Defining Schemas with ZOD
ZOD is a TypeScript validation library that integrates seamlessly with the AI SDK for defining schemas [00:19:48]. It provides type safety and makes working with structured outputs “an absolute breeze” [00:20:05].
Example: Generating Definitions for an AI Agent
To demonstrate generateObject
, one could ask an AI model to generate 10 definitions for an “AI agent” and expect these definitions in a structured array [00:21:21].
import { generateObject } from 'ai/experimental';
import { z } from 'zod';
import { openai } from '@ai-sdk/openai';
async function main() {
const result = await generateObject({
model: openai('gpt-4o-mini'),
prompt: "Please come up with 10 definitions for AI agents.",
schema: z.object({
definitions: z.array(z.string()),
}),
});
console.log(result.object);
}
main();
This will return a type-safe object with a definitions
key, which is an array of strings [00:22:25].
Adding Context with .describe()
ZOD’s .describe()
function can be chained to schema definitions to provide more specific instructions to the language model about the expected content of a particular field [00:23:14].
import { generateObject } from 'ai/experimental';
import { z } from 'zod';
import { openai } from '@ai-sdk/openai';
async function main() {
const result = await generateObject({
model: openai('gpt-4o-mini'),
prompt: "Please come up with 10 definitions for AI agents.",
schema: z.object({
definitions: z.array(
z.string().describe("Use as much jargon as possible. It should be completely incoherent.")
),
}),
});
console.log(result.object);
}
main();
By adding .describe()
to the string schema, the model is guided to generate definitions that are highly technical and intentionally “incoherent” [00:23:44].
Enum Mode for Restricted Values
For situations where the output needs to be one of a few predefined values, generateObject
can be used in “enum mode” [00:40:15]. This is more ergonomic than using ZOD for simple binary choices and can be easier for the language model to adhere to [00:40:27].
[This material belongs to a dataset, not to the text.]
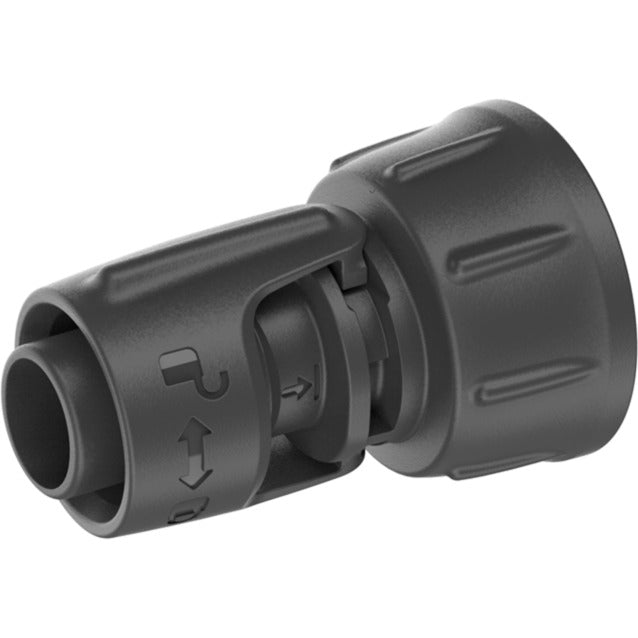 Gardena raccordo per rubinetto micro-drip-system 13 mm (1 2 ) – 3 4 pezzo per rubinetto filettato (grigio scuro)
Example: Evaluating Search Result Relevance
When developing custom AI tools for web searches, a model might need to classify a search result as either “relevant” or “irrelevant” [00:40:12].
import { generateObject } from 'ai/experimental';
import { openai } from '@ai-sdk/openai';
async function evaluateRelevance(searchResult: string) {
const evaluation = await generateObject({
model: openai('gpt-4o-mini'),
prompt: `Evaluate whether the search results are relevant and will help answer the following query.
<searchResult>${searchResult}</searchResult>`,
mode: 'enum', // Use enum mode
values: ['relevant', 'irrelevant'], // Define the allowed values
});
return evaluation.object; // Will be either 'relevant' or 'irrelevant'
}
// Example usage
// const result = await evaluateRelevance("Content of a search result...");
// console.log(result); // 'relevant' or 'irrelevant'
This restricts the model’s output to only the specified enum values, ensuring a predictable and easily parsable response [00:40:20]. This is particularly useful in multi-step agents or recursive workflows where the model needs to decide its next action based on a clear, constrained output [00:40:50].
Overall, generating structured data with the AI SDK provides developers with robust tools for controlling model outputs, enhancing type safety, and building more reliable and efficient AI systems [00:24:15].